Opportunity development includes two steps. A salesperson must identify a new opportunity and initiate communications. This will often include the application of a set of fit criteria to a random group of sales leads. It is only when a lead is confirmed as a good fit or a likely customer that the sales pipeline process begins.
The need assessment category contains steps that determine the customer’s expressed and unexpressed needs. A salesperson might have the customer fill out an application or a survey. Common interactions might include developing a scope of work or looking at samples. The intended result is to have a qualified buyer with needs that have been identified and agreed upon.

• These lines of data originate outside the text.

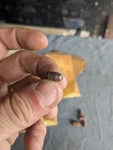 Oem Brp Evinrude Johnson Omc Bearing Dowel 304178 Ad. Fixed Price $20.00.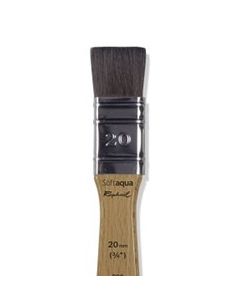 Pinceau splater aquarelle Softaqua Raphael N°20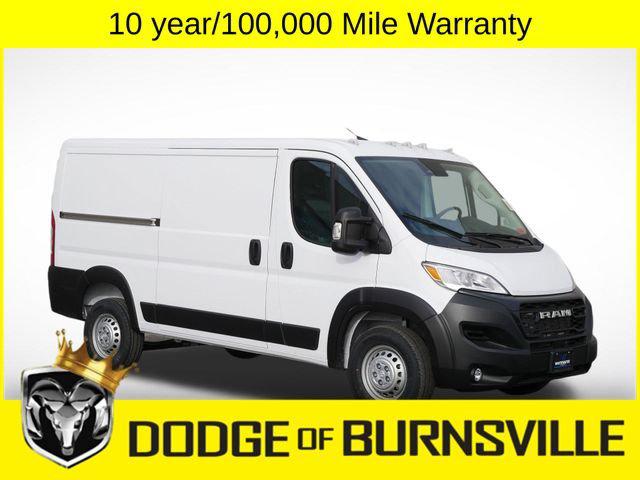 2026 RAM Ram ProMaster RAM PROMASTER 1500 TRADESMAN CARGO VAN LOW ROOF 136 WB 2026 RAM Ram ProMaster RAM PROMASTER 1500 TRADESMAN CARGO VAN LOW ROOF 136 WB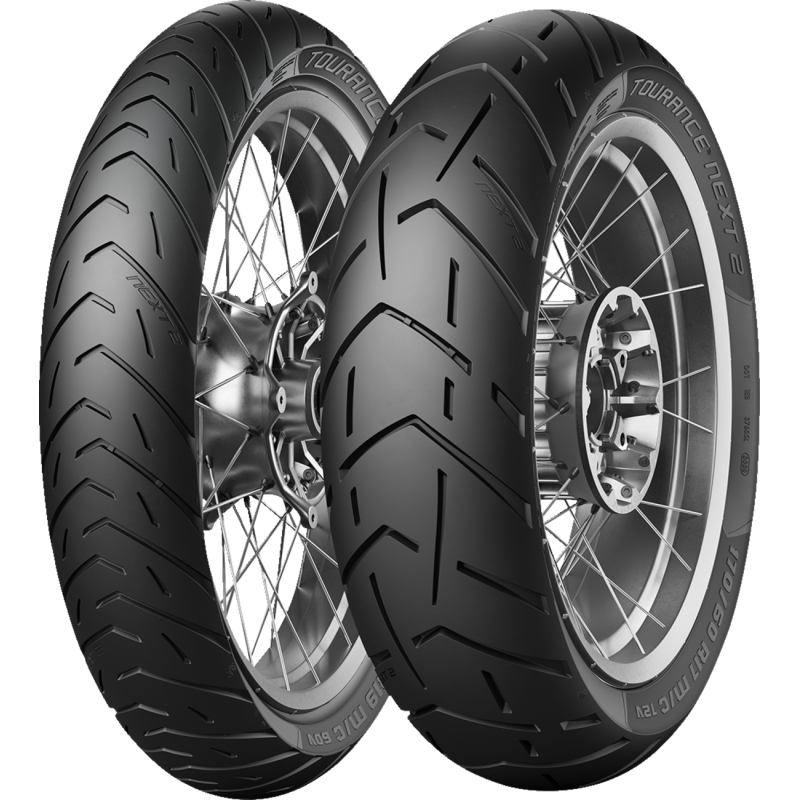140/80R17 69V TOURANCE NEXT II REAR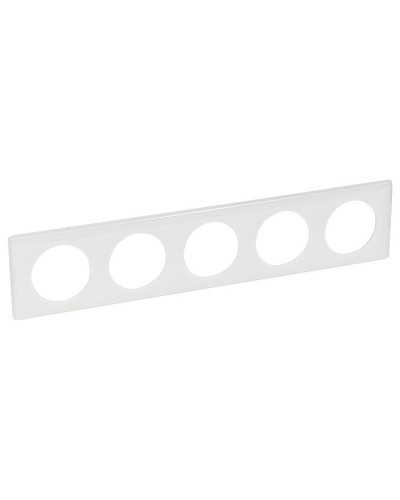 Рамка Legrand 066630 в Первоуральске Аксессуары для стоек и шкафов Pintop.ru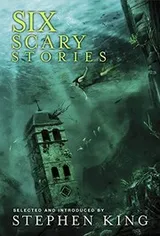 Cover of Six Scary Stories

Fulfillment includes the development and proposal of the solution that will meet the customer’s needs. The next steps include the evaluation of the sales proposal and the negotiation. Finally, this process culminates in a sales order and exchange of money. This is the typical end of the sales order process because the interaction has resulted in a tangible sale, but it is not the end of the sales pipeline.
Some studies of the sales pipeline identify a fourth category of interaction involved with maintenance of the account. Customers always have the potential of becoming repeat customers, and can be a source of referrals. The steps involved in maintenance include periodic follow-up and the development of a continuing relationship that can result in a reboot of the pipeline.